It takes single women 11 years and nine months to save the expected deposit to purchase a property compared to just three years for men, latest analysis from Mojo Mortgages reveals.
At a whopping difference of eight years and nine months the real-world impact of the gender pay gap is shocking. After analysing ONS data, Mojo Mortgages has uncovered the average post-tax income which showed men’s average monthly income at £2,568 – £422 (19%) more than women’s average monthly income of £2,146.
After removing average household bills and essentials (£889), Mojo Mortgages calculated monthly saving potential for both men and women on an average wage with men being able to save £531 per month compared to £377 per month for women – monthly savings difference of £154 per month (40%).
MORTGAGE IMPLICATIONS
This £154 (40%) savings gap can also have significant mortgage implications. The reduced saving capacity means women face longer paths to mortgage-ready deposits, and may face the emotional toll of watching property prices potentially rise further out of reach.

Helen Lovell, a Senior Mortgage Broker at Mojo Mortgages says: “This £422 monthly gap directly impacts mortgage borrowing potential.
“The more you earn, the more you can borrow, which can determine whether you can secure a mortgage in your desired area or for your preferred property type.”
REQUIRED DEPOSITS
With the average flat / maisonette priced at £191,600 men would require a typical deposit of £19,160 (10%) but affordability rules mean women require a deposit of £53,648 (28%) a difference of £34,488 (+18%).
Most lenders cap borrowing at around 4.5 times a person’s annual salary, which is typically determined when applying for a mortgage in principle.
For men, a 10% (£19,160) deposit allows them to achieve a 4.3 mortgage-to-salary ratio, which is within typical lending criteria.
However, women need to save a 28% deposit (£53,648) to reach a 4.46 ratio, just meeting the standard threshold. That’s a staggering difference of £34,488.
AFFORDABILITY GAP
Lovell adds: “As our research shows, the gender pay gap translates into a substantial mortgage affordability gap.
“Women often need to save nearly three times the deposit amount compared to men to meet standard lending criteria. This creates a more challenging and prolonged path to property ownership for women.”
“This near-decade difference represents more than just time; it’s a significant portion of a woman’s life spent in financial limbo. The extended saving period of almost 9 years doesn’t just delay homeownership – it can significantly impact mortgage affordability, borrowing potential, and long-term property investment strategies.
GENDER PAY GAP
TUC analysis published yesterday revealed that the average woman effectively works for free for nearly seven weeks compared to the average man.
This is because the gender pay gap for all employees currently stands at 13.1%.

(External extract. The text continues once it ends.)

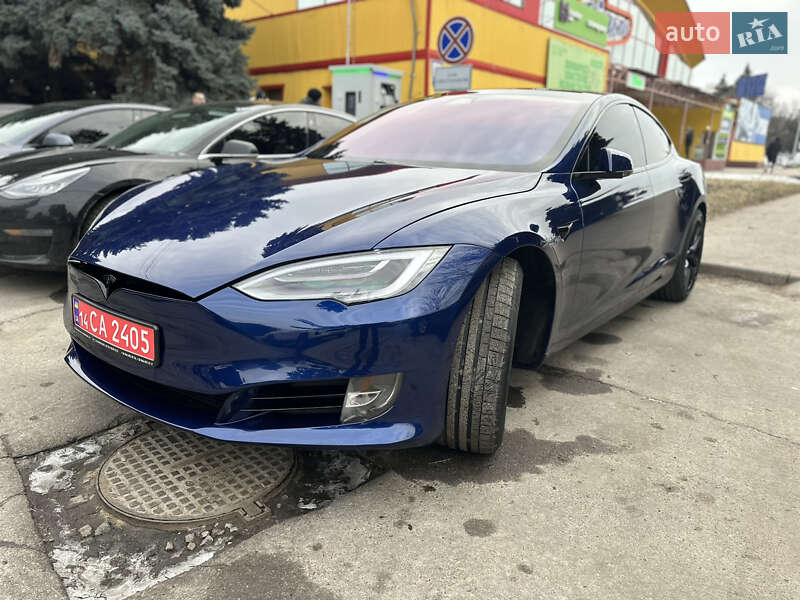 Ліфтбек Tesla Model S 2018 в Полтаві фото 44 Ліфтбек Tesla Model S 2018 в Полтаві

This pay gap means that this year Women’s Pay Day – the day women stop working for free compared to the average man – was Sunday 16 February 2025.
The union body says this is partly because women tend to be employed in lower-paid roles than men.
Additionally, women are more likely to work part-time to accommodate for extended caring responsibilities throughout their lives, therefore taking a significant pay cut.
DETRIMENTAL IMPACT

Jackie Leiper, Managing Director, Scottish Widows, says: “Despite vast improvements, women still earn less than men in the UK and this disparity has a detrimental impact on women’s financial futures.
“Our latest Women and Retirement Report found a projected 30% gender gap in overall retirement outcomes – in part due to women starting to save later in life. While 19% of men start paying into their pension by 22 years old, just 14% of women do this.
“However, if we can encourage more women to start saving and get themselves invested earlier in their careers, and crucially, do all they can to avoid pausing contributions, better retirement outcomes for women will be on the horizon.”
GENDER CHALLENGES
She adds: “There are some actionable steps women can take to combat these financial gender challenges and secure a more comfortable retirement.
“A sensible first step to consider is establishing how much they currently have saved in their retirement pot, to see just how big the savings gap is.
“This may require tracking down any ‘lost pots’ from previous jobs using the Pensions Tracing Service and consolidating them in one place.
“But this effort from individual women must also be supported at policy level. Pension changes from the Government, including addressing the systemic factors which contribute to the gender pension and investment gap is vital too.”